**Initialization**
* Setting up the Fastai Environment. I am using Colab for the Project so that the process of getting ready for the Fastai Environment might be different in other platforms.

In [2]:
# Setting up the Fastai Environment.
# !pip install -Uqq fastbook
# import fastbook
# fastbook.setup_book()

* I prefer to use these 3 lines of code on top of my Notebook. It helps while reloading the Notebook.
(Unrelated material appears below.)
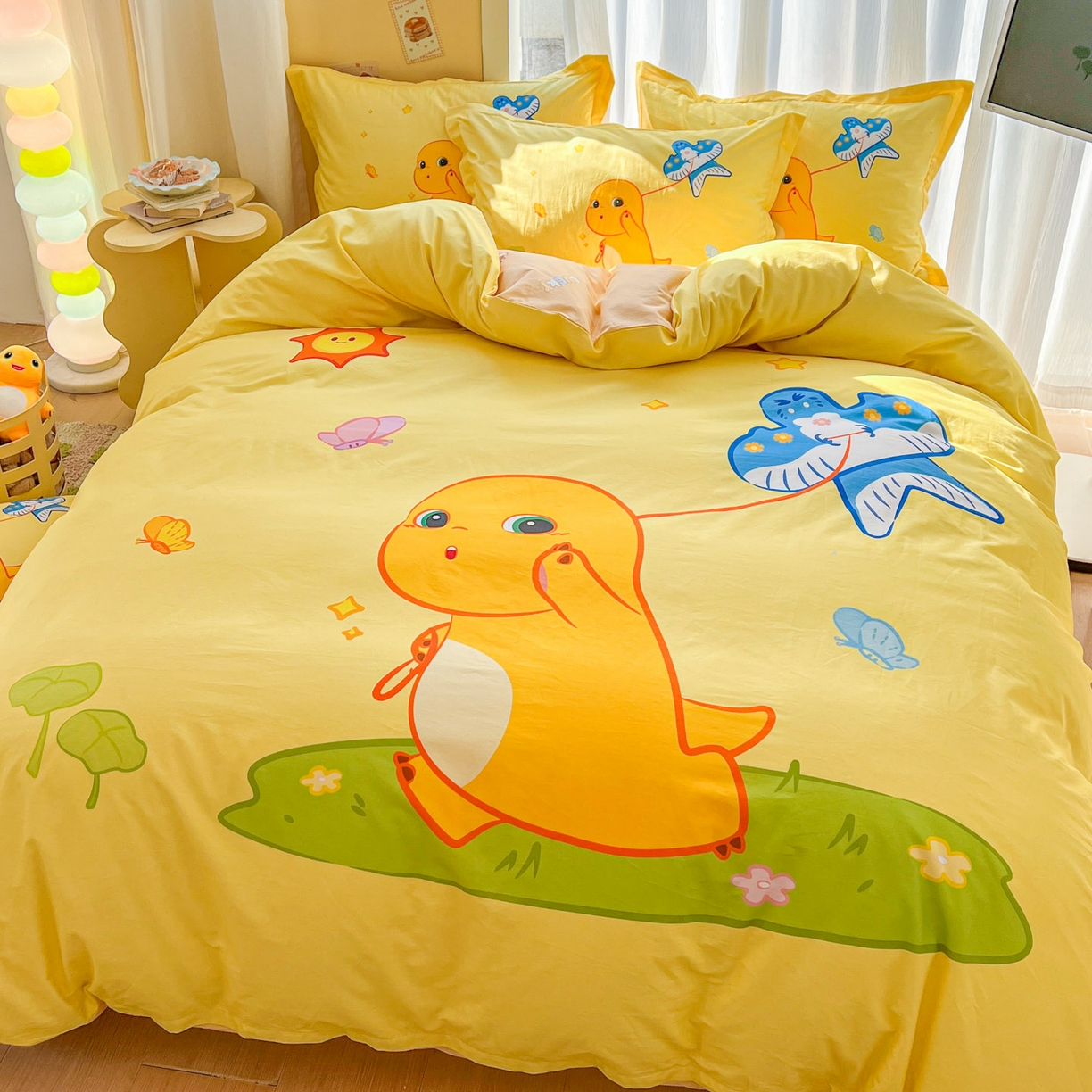 91家纺网 家纺一手货源 找家纺 浩诚 2026新款全棉卡通四件套第二批（陆续更新） 轻松一刻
The third line of code helps to make plots within the Notebook.

In [3]:
# Initialization
%reload_ext autoreload
%autoreload 2
%matplotlib inline

**Libraries and Dependencies**

In [4]:
# Downloading and Importing the Libraries and Dependencies.
from fastbook import *                                        # Importing all the Libraries and Dependencies.
from fastai.text.all import *
from IPython.display import display                           # Assist in Displaying.
from IPython.display import HTML

**Getting the Data**
* Fastai has a number of [Dataset](https://course.fast.ai/datasets) which makes easy to download and to use. I will be using the [IMDB Dataset](https://course.fast.ai/datasets) for this Project available in Fastai. 

In [5]:
# Downloading and accessing the IMDB Dataset.
path = untar_data(URLs.IMDB)                                 # Downloads the IMDB Dataset.
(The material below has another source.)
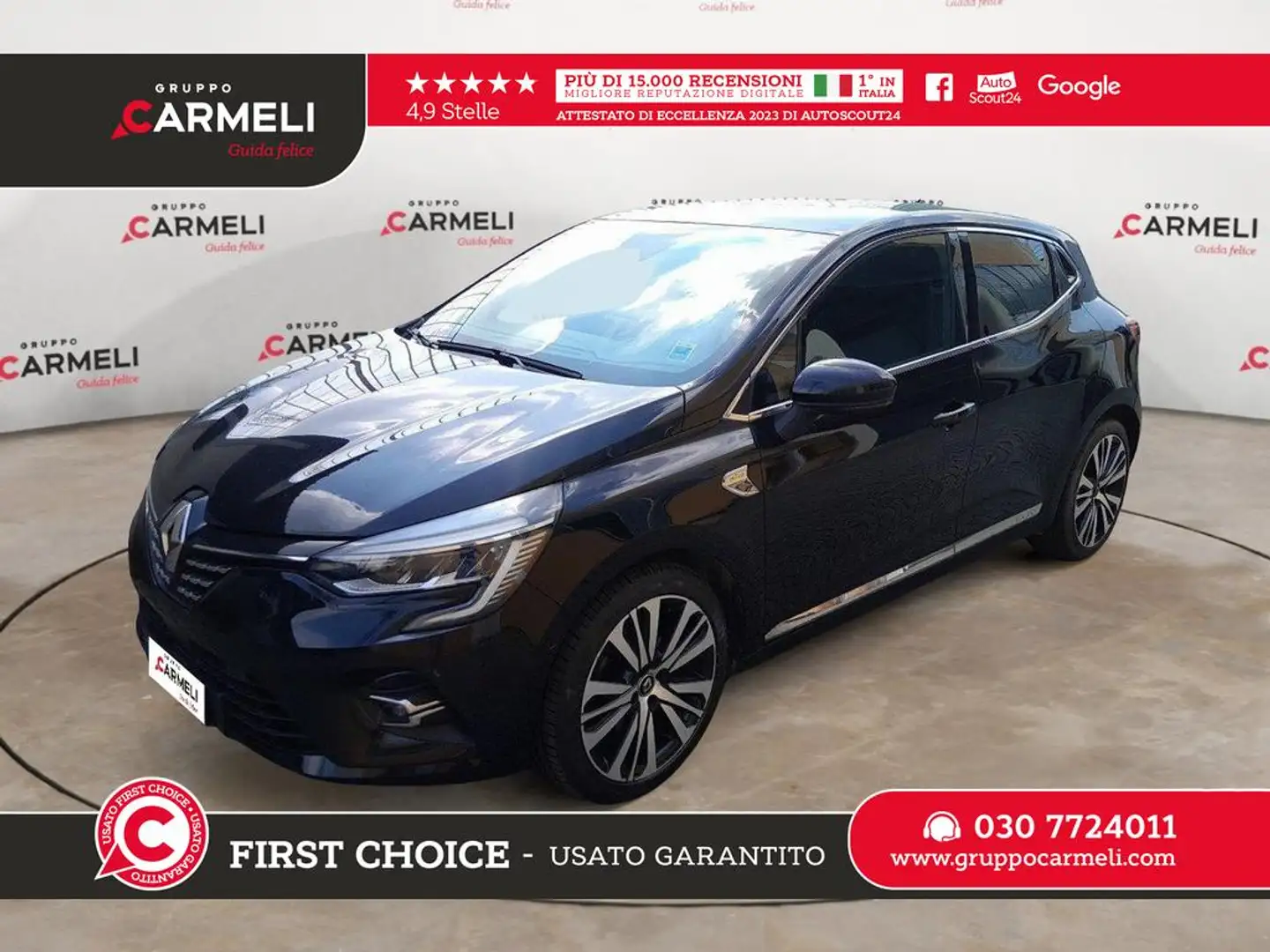 Renault Clio 1.3 tce Initiale Paris 130cv edc Fap Noir - 1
* Now, I will use get text files function to grab all the text files in a path obtained above. In Fastai, the optional parameter folders can be passed to restrict the search to a particular list of sub folders.

In [6]:
# Getting all the Text Files.
files = get_text_files(path, folders=["train", "test", "unsup"])

# Inspecting the files.
text = files[0].open().read()                                       # It opens only the first document of the text.
text[:100]                                                          # Printing the first 100 words of the text.
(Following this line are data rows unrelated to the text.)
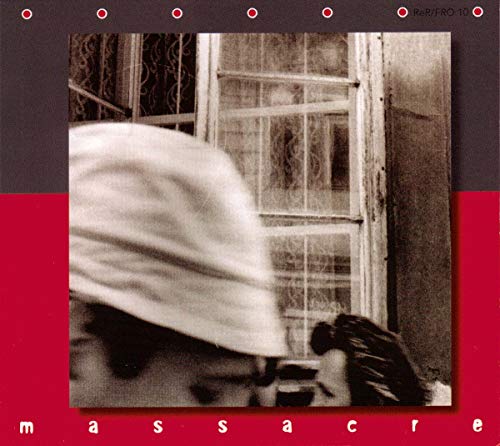 CD cover: blurred figure with hat, window, and red border.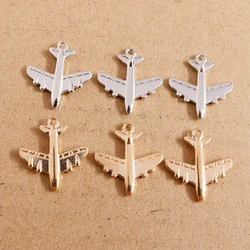 20*22mm 20pcs Airplane Charms Aircraft Pendants Making Necklace Bracelets Charms Jewelry Diy Handmade Accessories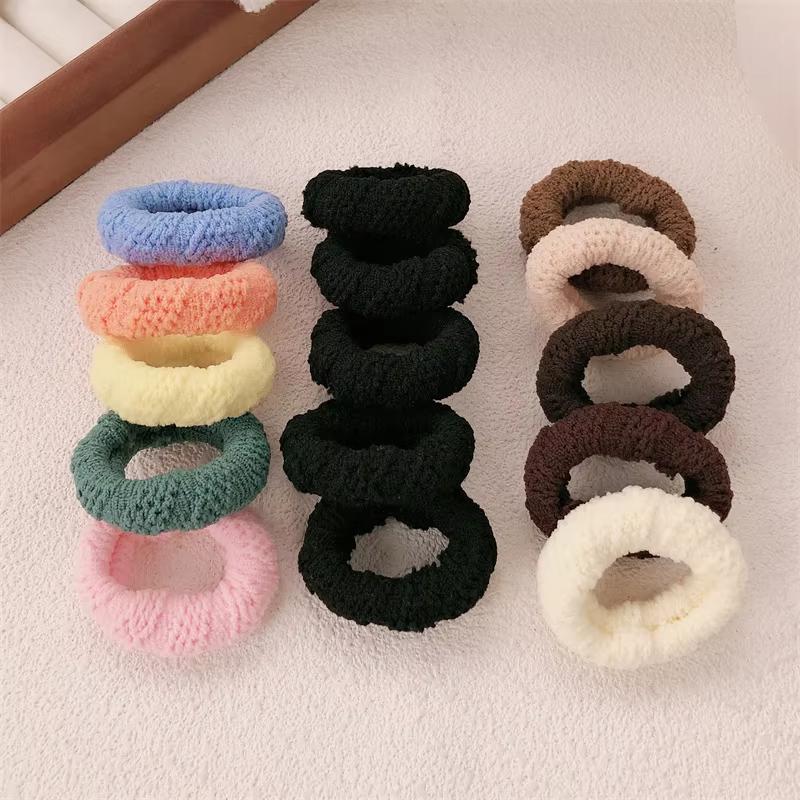 5Pcs/Set Thickened Hair Ties Women's High Horse Tail Hair Bands Rubber Bands Elastic Hair Ropes Durable Hair Ties Accessories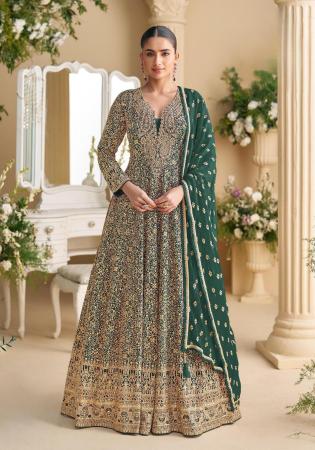 Picture of Resplendent Georgette Sea Green Anarkali Salwar Kameez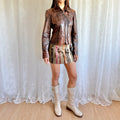 Buckle Mini Skirt - Size M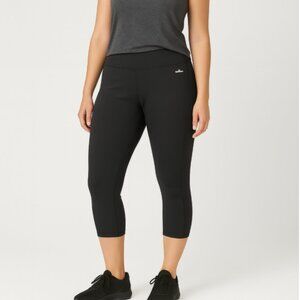 Spalding Women's Black Capri Cropped Leggings, size XL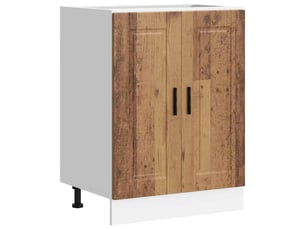 Meuble de rangement, armoire de cuisine porto vieux bois bois d'ingénierie shl8233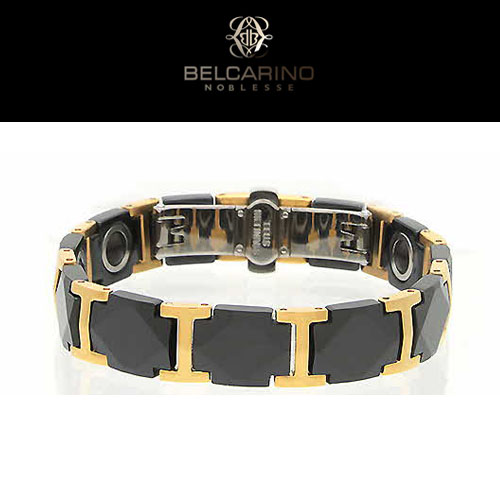 BELCARINO 벨카리노 게르마늄 팔찌 BC7001CGBK 금장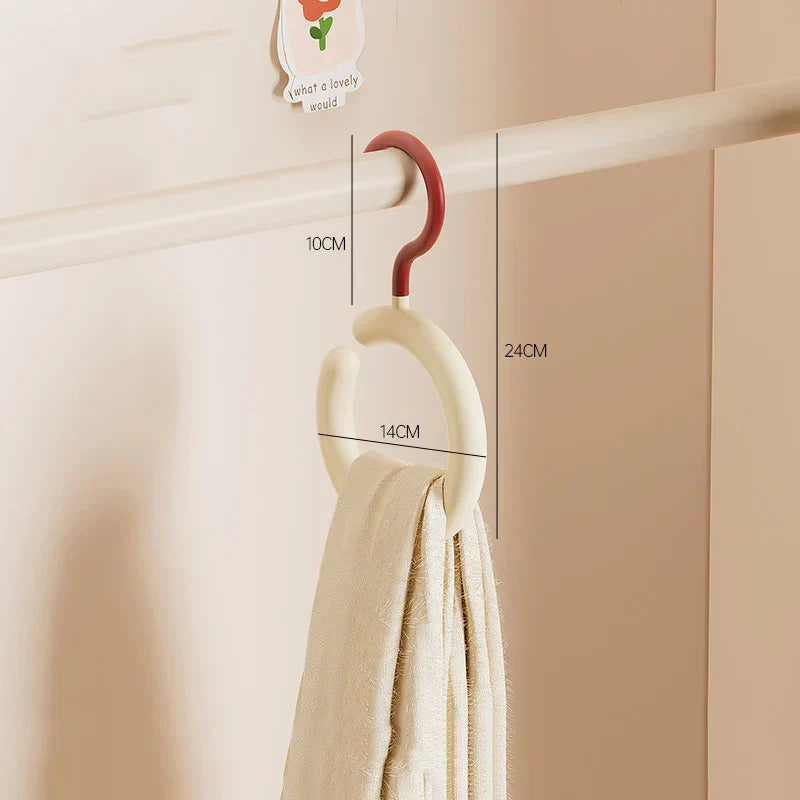 Kleiderhänger 2-teilig Drehbar Schrank Organizer Rot - BerlinGlamour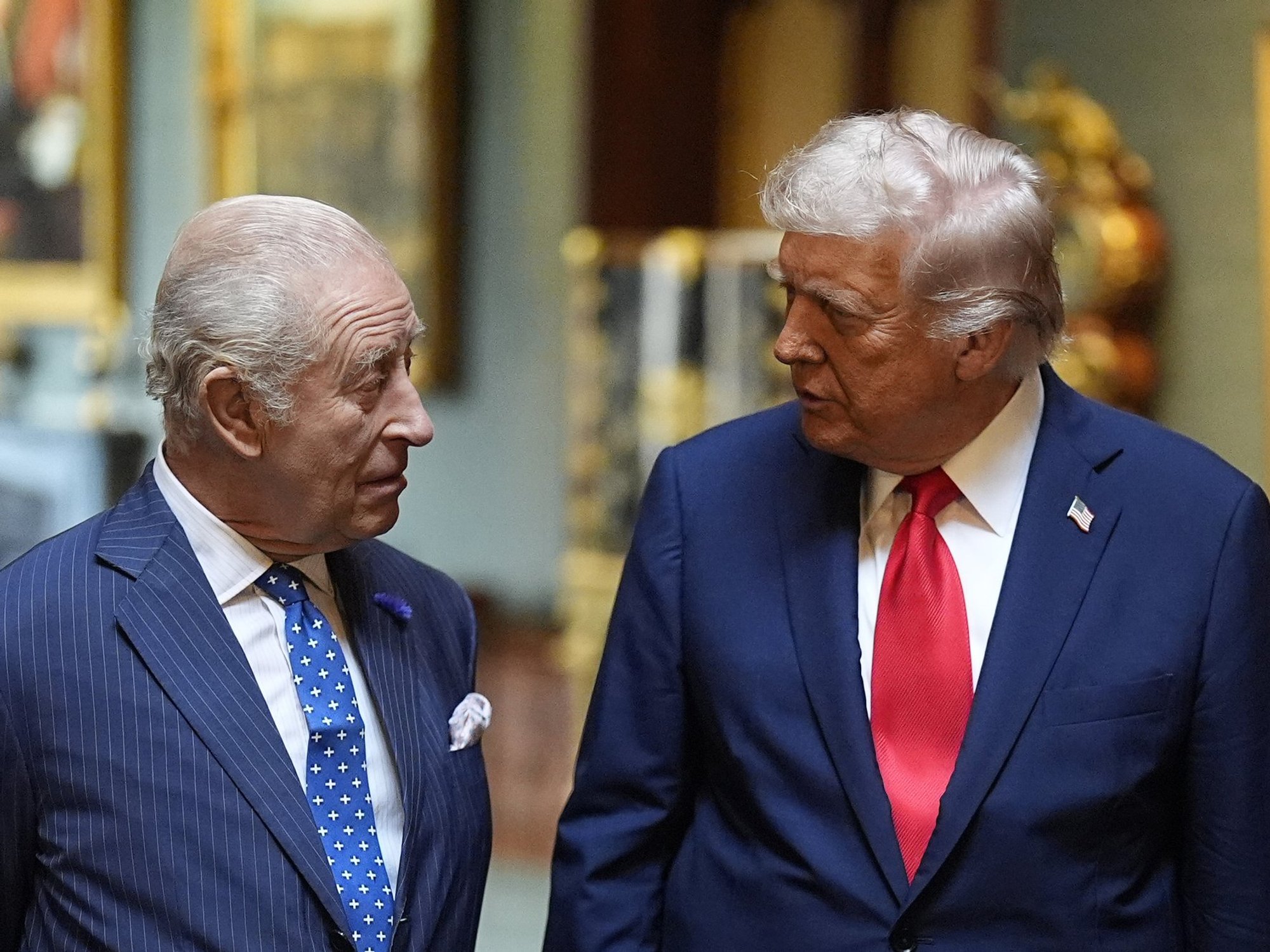 Donald Trump King Charles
'Fuckland is an interesting film. I personally love the Dogma movement. I wish it had lasted longer. '

**Word Tokenization**
* I will use Fastai Tokenizer for the process of Word Tokenization. Then, I will use Fastai coll_repr function to display the results. It displays the first n items of the collection. The collections of text documents should be wrap into list. The tokens starting with xx are the special tokens which is not a common word prefix in English.

In [7]:
# Word Tokenization
spacy = WordTokenizer()                                             # Instantiating the Tokenizer.
# tokens = first(spacy([text]))                                     # First refers to every element.
tokens = Tokenizer(spacy)                                           # Fastai Tokenizer.
display(coll_repr(tokens(text), 30))                                # Printing the first 30 items from tokens.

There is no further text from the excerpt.